Von Ostern bis Oktober pulsiert das Leben in Südfrankreich im Rhythmus der Stiere: Vive la Feria! Die Passion für die Konfrontation zwischen Mensch und Stier reicht bereits mehr als 600 Jahre zurück.
1402 wurde das erste Stierspiel in Südfrankreich urkundlich erwähnt, 1852 die erste spanische Corrida in Nîmes veranstaltet. Doch erst 1952 wurden die offizielle Statuen für Nîmes Feria festgelegt.

Antike Wurzeln
Ausgetragen werden die Wettkämpfe seitdem im besterhaltenen Amphitheater der römischen Welt. 24.000 Zuschauer verfolgten dort zur Antike die Spiele, bei denen Gladiatoren gegeneinander oder gegen exotische Tiere kämpften. Der Siegeszug des Christentums beendete 404 n. Chr. Brot & Spiele in Nîmes.
Die Arena wurde zum Spielplatz der Bauherren. Die Westgoten machten sie zur Festung, die Landgrafen setzten ihr Schloss hinein. Später wurde Les Arènes ein eigener Stadtteil mit zeitweilig mehr als 2.000 Einwohnern. 1852 sind die Stiere zurückgekehrt, und mit ihnen archaische Spiele.

Volksfest mit Stars
Zu Pfingsten und im September verfolgen Tausende Menschen begeistert die Stierkämpfe in der Arena, genießen in den Bodegas zum Pastis oder Fino ein paar Tapas, bevor sie sich wieder ins Gewühle stürzen, im Takt der Zigeunermusik tanzen oder der Blasmusik der Bidochons lauschen, die überall aufspielen.
Längst ist die Feria ein Volksfest, längst auch ein Stelldichein der Stars. In den 1950er-Jahren besuchten Brigitte Bardot und Errol Flynn die Feria; heute gehören die Schauspielstars Jean Reno und Jacques Weber zu den Stammgästen des Stier-Spektakels.

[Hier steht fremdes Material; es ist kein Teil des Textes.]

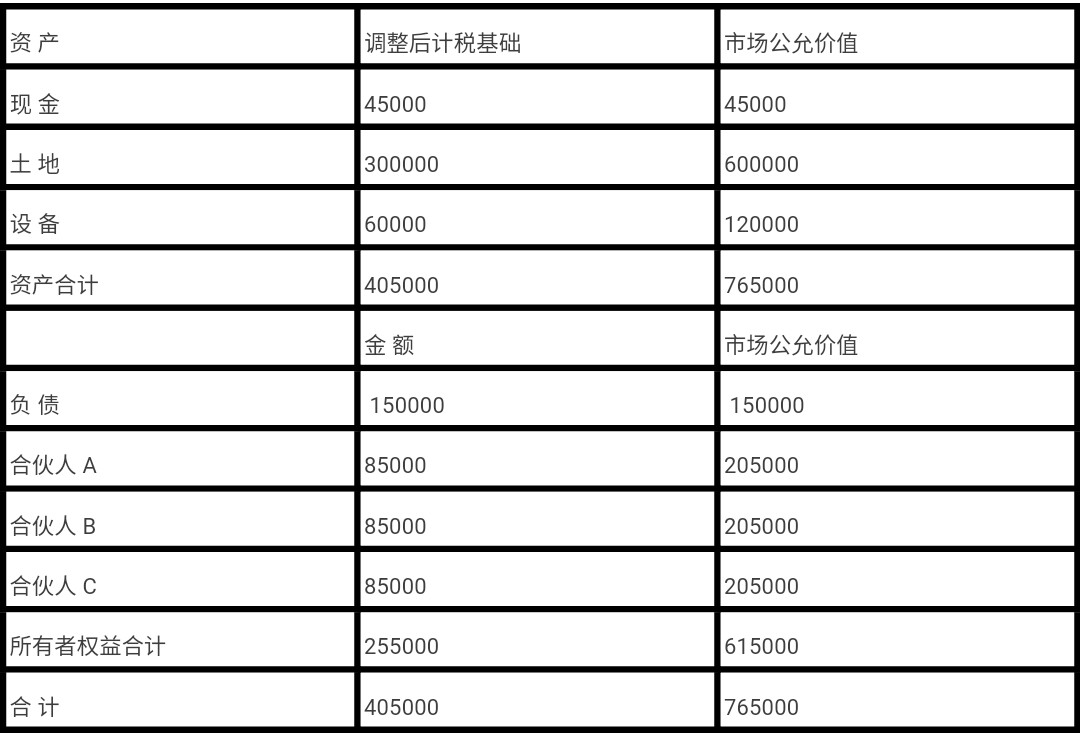 金年会(中国)官方网站 - 手机版APP下载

Feria: Corrida oder course Camarguaise?
Den Auftakt zum Stierkampf im Süden Frankreichs markiert traditionell das Lied des Escamillo aus der Oper Carmen: „Auf in den Kampf, Torero…“ Die Show der schwarzen Stiere kennt jedoch nicht nur die blutige Corrida, bei der das Tier vom Torero getötet und sein Fleisch in den Restaurants der Stadt vom Feria-Publikum verzehrt wird, sondern auch die unblutige course Camarguaise. Brutal ist auch diese Variante des Stierkampfs.
Bei dieser Spielart der course de taureaux muss ein weiß gekleideter raseteur mit einem crochet, einer handähnlichen Eisenkralle, dem Stier seine Attribute abnehmen, die ihm zwischen die Hörner gesteckt wurden.
Als erste gilt es, die Kokarde zu nehmen, dann die Quasten und schließlich die erste und zweite Kordel. Sobald der aufgepeitschte Stier gegen die Planken stößt, ist der Stierkampf beendet. Die genauen Regelung der course Camarguais legt die Fédération Française de la Course Camarguaise aus Nîmes fest.
Tierische Helden
Die Geschicklichkeit und der Mut der jungen Männer, vor allem die Eleganz ihrer Bewegungen, machen das Schauspiel sehenswert. Ausgebildet werden die Männer – Frauen gibt es bislang nicht in diesem Métiers – an den Écoles des Raseteurs. Besonders berühmt ist die Stierkämpferschule von Arles.
Doch fast berühmter als wagemutigen Männer sind die Stier. Anders als beim spanischen Stierkampf, sind sie im Süden von Frankreich die wahren Helden. Und machen oft richtig Karriere.
Jeder Stier trägt einen Namen. Und es sind genau diese Namen, die in großen Lettern auf den Stierkampfplakaten der course Camarguaise zu lesen sind. Und nicht, wie bei der Corrida, die Namen der Matadore .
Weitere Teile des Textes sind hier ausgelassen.